■ What the task asks: Up to and including the line that contains "Jake Paul Teeth Whitening Secrets", return every line from the start of the data, unchanged.

Items from a data source
* * * * * * * * *

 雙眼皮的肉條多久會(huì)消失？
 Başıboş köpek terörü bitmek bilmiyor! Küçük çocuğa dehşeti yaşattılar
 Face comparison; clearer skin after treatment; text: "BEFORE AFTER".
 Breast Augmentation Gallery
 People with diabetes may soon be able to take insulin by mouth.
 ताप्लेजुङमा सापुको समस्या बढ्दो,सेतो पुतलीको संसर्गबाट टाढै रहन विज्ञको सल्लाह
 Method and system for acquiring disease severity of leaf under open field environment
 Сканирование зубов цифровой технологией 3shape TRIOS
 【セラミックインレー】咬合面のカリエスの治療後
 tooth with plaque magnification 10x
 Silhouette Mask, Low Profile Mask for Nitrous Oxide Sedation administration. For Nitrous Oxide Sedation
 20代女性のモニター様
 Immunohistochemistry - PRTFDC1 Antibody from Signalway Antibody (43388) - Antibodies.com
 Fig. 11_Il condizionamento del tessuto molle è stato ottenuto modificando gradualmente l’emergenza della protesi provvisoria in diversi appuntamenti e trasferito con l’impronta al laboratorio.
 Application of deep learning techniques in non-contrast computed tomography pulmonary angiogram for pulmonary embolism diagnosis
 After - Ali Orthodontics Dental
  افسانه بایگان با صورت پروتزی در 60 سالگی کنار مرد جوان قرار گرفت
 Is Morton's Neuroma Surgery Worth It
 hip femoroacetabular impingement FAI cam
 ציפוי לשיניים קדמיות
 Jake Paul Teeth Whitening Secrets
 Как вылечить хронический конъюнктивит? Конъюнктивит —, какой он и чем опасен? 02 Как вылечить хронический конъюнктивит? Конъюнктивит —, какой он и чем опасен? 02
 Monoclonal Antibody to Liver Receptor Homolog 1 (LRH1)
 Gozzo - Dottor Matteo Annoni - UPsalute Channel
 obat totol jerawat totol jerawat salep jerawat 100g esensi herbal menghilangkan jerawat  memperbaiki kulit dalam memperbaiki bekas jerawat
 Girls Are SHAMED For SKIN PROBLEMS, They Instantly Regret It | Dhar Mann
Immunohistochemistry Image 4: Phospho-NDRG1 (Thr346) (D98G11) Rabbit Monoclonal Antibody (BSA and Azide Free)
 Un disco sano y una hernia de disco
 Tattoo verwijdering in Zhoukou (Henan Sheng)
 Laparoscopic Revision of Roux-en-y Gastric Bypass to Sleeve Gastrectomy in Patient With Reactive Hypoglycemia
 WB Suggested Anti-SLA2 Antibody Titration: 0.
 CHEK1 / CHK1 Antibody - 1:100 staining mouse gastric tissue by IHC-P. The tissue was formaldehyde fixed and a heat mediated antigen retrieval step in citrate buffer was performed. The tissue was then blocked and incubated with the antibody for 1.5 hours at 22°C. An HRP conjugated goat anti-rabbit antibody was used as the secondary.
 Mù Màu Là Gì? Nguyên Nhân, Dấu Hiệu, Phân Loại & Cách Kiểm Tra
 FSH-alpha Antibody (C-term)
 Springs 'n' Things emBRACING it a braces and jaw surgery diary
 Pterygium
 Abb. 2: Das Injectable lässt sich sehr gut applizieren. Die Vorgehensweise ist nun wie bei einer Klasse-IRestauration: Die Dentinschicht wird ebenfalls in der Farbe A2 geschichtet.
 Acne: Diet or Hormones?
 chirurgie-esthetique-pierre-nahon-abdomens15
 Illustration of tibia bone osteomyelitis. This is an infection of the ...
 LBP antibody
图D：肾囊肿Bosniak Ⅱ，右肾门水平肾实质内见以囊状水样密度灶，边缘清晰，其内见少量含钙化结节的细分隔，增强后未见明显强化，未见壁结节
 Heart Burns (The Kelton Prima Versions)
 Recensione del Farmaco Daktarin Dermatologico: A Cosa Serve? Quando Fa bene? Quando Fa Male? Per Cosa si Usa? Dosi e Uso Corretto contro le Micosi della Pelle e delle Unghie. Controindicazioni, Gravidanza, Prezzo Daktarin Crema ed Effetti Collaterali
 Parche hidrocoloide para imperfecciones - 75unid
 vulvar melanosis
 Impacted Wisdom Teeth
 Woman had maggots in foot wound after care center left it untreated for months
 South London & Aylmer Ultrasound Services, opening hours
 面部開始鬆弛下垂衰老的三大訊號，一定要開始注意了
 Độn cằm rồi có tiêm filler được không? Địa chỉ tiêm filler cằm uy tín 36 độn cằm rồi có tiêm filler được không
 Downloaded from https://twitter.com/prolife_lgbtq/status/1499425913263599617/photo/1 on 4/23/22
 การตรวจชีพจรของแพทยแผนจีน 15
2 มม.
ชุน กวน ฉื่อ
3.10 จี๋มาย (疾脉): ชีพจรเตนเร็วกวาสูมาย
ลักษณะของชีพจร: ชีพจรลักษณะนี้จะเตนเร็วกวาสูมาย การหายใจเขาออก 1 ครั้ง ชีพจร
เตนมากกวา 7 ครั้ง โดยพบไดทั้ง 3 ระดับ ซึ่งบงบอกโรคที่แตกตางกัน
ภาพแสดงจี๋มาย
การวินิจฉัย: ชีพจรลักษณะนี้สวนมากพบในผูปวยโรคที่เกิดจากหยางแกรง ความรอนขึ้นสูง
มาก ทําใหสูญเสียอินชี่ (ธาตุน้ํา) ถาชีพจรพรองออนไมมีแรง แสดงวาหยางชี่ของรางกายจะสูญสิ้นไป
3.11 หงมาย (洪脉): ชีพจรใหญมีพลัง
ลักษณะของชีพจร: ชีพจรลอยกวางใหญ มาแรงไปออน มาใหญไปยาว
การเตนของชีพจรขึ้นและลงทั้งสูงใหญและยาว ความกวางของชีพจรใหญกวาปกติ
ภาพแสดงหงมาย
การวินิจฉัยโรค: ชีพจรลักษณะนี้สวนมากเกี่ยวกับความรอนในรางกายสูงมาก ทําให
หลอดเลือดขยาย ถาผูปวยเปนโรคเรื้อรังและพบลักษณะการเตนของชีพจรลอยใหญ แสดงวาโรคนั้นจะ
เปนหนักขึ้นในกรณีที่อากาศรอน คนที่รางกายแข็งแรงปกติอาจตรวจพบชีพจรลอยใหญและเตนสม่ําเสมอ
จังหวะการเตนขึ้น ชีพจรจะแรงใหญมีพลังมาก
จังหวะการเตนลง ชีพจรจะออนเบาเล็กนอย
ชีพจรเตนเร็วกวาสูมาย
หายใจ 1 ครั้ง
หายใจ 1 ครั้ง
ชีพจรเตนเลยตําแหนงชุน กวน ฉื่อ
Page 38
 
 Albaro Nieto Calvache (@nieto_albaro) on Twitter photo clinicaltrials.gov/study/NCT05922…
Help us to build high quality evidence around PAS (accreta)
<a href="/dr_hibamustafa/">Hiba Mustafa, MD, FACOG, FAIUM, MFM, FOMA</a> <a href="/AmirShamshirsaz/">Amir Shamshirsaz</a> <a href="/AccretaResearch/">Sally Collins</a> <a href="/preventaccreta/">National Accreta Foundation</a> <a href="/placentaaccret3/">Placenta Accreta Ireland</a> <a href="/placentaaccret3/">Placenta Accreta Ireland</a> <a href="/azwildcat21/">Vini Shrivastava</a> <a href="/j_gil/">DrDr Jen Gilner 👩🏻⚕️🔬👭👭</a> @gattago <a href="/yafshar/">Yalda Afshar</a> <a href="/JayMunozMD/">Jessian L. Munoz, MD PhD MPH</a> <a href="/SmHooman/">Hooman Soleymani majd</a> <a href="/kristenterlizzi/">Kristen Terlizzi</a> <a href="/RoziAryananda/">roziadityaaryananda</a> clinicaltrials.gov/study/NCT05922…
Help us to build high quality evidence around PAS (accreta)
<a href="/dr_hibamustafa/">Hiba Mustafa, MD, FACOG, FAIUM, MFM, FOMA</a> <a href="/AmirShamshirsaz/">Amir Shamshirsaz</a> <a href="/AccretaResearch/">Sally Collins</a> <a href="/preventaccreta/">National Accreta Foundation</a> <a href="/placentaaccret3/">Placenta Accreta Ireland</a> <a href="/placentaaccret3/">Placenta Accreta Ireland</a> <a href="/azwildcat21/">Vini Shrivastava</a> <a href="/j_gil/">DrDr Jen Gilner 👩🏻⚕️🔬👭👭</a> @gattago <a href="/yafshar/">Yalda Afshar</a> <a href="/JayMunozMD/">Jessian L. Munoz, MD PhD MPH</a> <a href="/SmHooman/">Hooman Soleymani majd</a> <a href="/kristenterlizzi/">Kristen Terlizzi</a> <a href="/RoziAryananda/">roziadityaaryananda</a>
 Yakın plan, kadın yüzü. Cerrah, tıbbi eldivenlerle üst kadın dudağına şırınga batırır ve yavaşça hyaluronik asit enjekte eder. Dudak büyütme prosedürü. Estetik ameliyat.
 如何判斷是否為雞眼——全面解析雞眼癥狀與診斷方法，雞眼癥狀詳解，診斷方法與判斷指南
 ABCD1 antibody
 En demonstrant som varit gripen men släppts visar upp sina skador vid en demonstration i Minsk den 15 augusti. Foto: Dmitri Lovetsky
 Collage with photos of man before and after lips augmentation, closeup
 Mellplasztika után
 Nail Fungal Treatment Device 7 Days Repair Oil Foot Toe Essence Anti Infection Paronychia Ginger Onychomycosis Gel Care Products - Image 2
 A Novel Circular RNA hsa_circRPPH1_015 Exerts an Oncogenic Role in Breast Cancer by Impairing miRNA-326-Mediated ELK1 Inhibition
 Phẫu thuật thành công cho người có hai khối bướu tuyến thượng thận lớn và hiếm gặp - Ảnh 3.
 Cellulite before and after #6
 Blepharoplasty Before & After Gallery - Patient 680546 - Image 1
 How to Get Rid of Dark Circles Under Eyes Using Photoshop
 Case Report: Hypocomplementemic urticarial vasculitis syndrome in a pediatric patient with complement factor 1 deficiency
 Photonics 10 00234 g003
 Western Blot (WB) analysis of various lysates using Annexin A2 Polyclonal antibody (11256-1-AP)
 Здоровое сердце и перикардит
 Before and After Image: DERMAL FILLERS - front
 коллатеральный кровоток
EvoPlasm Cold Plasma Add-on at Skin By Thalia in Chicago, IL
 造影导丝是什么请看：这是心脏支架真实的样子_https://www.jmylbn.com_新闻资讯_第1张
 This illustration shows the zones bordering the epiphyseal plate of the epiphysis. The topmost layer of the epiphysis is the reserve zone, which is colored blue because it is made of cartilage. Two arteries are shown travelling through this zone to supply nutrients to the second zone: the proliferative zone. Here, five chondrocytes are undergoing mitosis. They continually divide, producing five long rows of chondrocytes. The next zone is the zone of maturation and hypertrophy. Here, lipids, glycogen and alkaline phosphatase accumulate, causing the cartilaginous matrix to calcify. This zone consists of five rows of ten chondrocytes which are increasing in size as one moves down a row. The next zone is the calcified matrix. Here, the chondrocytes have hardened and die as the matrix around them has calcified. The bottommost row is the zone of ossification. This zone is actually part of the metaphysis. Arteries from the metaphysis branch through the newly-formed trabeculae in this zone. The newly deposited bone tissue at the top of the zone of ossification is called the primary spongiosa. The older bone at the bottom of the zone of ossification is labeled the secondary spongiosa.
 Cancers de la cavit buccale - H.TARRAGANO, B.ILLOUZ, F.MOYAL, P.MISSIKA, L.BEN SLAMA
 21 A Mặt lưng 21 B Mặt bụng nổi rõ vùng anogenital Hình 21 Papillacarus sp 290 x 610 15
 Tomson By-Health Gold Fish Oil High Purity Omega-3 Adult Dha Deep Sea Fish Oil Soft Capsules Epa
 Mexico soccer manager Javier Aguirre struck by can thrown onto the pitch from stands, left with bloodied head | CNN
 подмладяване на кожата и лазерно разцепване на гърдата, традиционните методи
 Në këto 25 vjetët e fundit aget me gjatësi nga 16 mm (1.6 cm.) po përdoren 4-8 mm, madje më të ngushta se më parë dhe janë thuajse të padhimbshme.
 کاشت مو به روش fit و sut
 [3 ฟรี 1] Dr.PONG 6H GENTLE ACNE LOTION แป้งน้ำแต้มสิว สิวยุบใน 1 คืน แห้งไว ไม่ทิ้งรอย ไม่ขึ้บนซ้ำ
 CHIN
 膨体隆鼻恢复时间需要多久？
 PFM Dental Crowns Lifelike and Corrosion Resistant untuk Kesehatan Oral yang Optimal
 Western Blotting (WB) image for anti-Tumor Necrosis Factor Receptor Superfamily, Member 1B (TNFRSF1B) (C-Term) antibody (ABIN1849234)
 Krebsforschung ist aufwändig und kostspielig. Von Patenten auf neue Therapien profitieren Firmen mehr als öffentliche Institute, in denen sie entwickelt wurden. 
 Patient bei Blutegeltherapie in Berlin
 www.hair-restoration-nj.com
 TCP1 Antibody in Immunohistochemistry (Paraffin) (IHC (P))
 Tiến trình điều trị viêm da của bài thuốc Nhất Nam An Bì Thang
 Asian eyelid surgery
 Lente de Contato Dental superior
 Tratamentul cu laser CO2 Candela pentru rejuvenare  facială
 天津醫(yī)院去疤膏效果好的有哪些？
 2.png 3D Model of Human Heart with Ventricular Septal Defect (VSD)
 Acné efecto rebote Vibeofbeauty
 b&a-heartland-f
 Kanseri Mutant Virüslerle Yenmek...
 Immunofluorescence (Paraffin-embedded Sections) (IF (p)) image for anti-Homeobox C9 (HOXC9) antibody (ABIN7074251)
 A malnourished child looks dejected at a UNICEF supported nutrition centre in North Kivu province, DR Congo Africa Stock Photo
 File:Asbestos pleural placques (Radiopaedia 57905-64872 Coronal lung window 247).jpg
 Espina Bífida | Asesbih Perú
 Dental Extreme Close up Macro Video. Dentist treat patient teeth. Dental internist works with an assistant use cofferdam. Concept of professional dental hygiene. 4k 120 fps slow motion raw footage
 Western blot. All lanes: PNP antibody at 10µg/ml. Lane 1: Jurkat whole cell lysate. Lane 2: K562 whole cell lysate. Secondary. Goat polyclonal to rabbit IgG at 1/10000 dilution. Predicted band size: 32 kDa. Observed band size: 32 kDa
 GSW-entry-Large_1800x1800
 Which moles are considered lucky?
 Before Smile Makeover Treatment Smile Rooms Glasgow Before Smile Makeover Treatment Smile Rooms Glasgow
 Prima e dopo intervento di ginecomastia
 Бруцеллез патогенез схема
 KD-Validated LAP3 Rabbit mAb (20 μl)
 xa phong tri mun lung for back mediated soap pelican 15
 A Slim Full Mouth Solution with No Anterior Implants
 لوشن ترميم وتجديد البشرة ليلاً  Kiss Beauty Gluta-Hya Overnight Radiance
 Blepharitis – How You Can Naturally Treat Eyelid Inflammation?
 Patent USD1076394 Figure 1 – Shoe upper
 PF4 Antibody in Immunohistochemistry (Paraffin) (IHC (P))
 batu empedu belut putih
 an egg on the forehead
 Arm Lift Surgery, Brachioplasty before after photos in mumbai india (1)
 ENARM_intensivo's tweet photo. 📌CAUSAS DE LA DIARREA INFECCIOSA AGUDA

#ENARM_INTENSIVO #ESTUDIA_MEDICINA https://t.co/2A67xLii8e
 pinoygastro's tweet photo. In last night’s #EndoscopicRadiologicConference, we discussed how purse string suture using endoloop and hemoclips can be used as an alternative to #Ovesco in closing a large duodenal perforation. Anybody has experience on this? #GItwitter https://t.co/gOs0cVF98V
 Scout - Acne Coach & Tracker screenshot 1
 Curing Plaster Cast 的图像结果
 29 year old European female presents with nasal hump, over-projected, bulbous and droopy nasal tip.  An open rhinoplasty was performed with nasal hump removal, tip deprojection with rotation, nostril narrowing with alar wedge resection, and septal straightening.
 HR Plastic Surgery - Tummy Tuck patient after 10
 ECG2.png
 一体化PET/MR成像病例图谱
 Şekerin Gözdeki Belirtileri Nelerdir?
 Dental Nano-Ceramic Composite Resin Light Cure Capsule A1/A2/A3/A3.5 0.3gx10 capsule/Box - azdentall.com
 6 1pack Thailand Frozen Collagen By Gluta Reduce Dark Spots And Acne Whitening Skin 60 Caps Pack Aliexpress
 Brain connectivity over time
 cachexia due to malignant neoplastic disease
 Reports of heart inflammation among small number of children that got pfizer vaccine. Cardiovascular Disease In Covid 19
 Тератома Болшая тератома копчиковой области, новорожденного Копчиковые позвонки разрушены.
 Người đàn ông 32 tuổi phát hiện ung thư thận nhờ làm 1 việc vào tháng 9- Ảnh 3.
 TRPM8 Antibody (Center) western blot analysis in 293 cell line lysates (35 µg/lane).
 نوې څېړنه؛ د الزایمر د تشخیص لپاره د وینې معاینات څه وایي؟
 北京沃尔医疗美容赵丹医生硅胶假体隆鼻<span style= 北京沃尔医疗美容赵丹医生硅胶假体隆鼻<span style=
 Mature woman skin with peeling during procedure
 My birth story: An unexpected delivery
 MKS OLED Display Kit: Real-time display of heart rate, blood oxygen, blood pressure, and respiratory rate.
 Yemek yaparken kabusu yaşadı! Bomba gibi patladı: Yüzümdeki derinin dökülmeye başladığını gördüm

* * * * * * * * *

■ Solution for this task:
 雙眼皮的肉條多久會(huì)消失？
 Başıboş köpek terörü bitmek bilmiyor! Küçük çocuğa dehşeti yaşattılar
 Face comparison; clearer skin after treatment; text: "BEFORE AFTER".
 Breast Augmentation Gallery
 People with diabetes may soon be able to take insulin by mouth.
 ताप्लेजुङमा सापुको समस्या बढ्दो,सेतो पुतलीको संसर्गबाट टाढै रहन विज्ञको सल्लाह
 Method and system for acquiring disease severity of leaf under open field environment
 Сканирование зубов цифровой технологией 3shape TRIOS
 【セラミックインレー】咬合面のカリエスの治療後
 tooth with plaque magnification 10x
 Silhouette Mask, Low Profile Mask for Nitrous Oxide Sedation administration. For Nitrous Oxide Sedation
 20代女性のモニター様
 Immunohistochemistry - PRTFDC1 Antibody from Signalway Antibody (43388) - Antibodies.com
 Fig. 11_Il condizionamento del tessuto molle è stato ottenuto modificando gradualmente l’emergenza della protesi provvisoria in diversi appuntamenti e trasferito con l’impronta al laboratorio.
 Application of deep learning techniques in non-contrast computed tomography pulmonary angiogram for pulmonary embolism diagnosis
 After - Ali Orthodontics Dental
  افسانه بایگان با صورت پروتزی در 60 سالگی کنار مرد جوان قرار گرفت
 Is Morton's Neuroma Surgery Worth It
 hip femoroacetabular impingement FAI cam
 ציפוי לשיניים קדמיות
 Jake Paul Teeth Whitening Secrets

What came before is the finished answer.